Listed entries Block Start

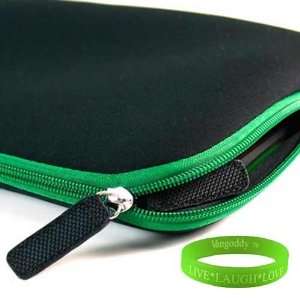  Green and Black Reversible Neoprene Sleeve for Asus Eee Pad Slider 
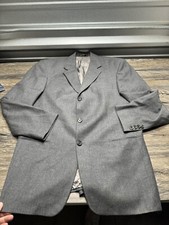 HUGO BOSS Made in USA Vintage 3 Button Wool Suit in Slate Gray Size 40 R
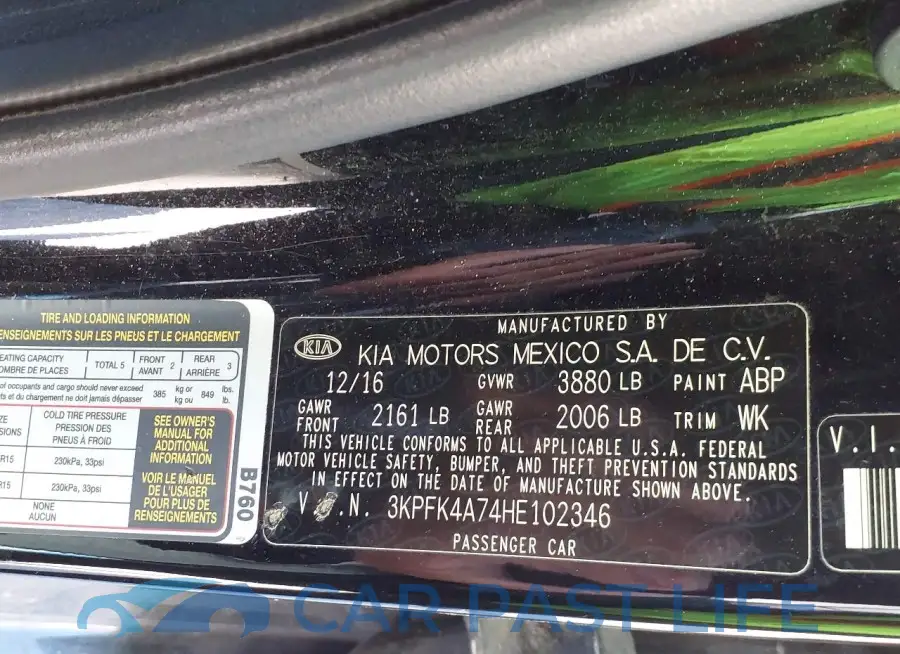 3KPFK4A74HE102346# 9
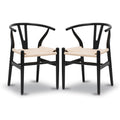 POLY & BARK Weave Chair, Set of 2, Black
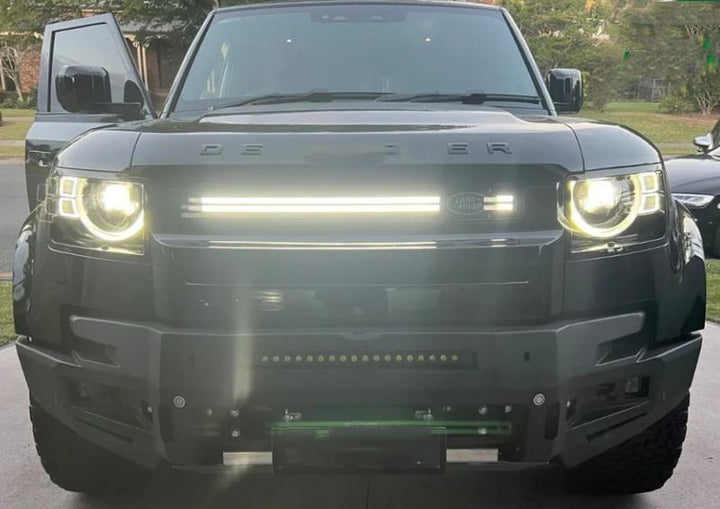 LAND ROVER DEFENDER L663 ILLUMINATED LED GRILLE FIT 90 110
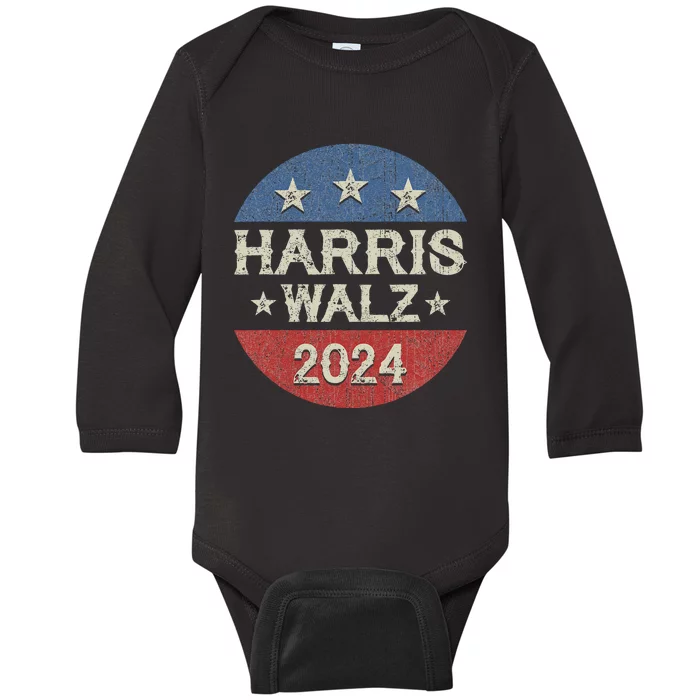 Harris Walz 2024 Election Kamala Harris Tim Walz 2024 Baby Long Sleeve Bodysuit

Listed entries Block End

Exercise | You need to restate all of the entries above exactly and leave the pictures behind.

Task response |
  Green and Black Reversible Neoprene Sleeve for Asus Eee Pad Slider 
 HUGO BOSS Made in USA Vintage 3 Button Wool Suit in Slate Gray Size 40 R
 3KPFK4A74HE102346# 9
 POLY & BARK Weave Chair, Set of 2, Black
 LAND ROVER DEFENDER L663 ILLUMINATED LED GRILLE FIT 90 110
 Harris Walz 2024 Election Kamala Harris Tim Walz 2024 Baby Long Sleeve Bodysuit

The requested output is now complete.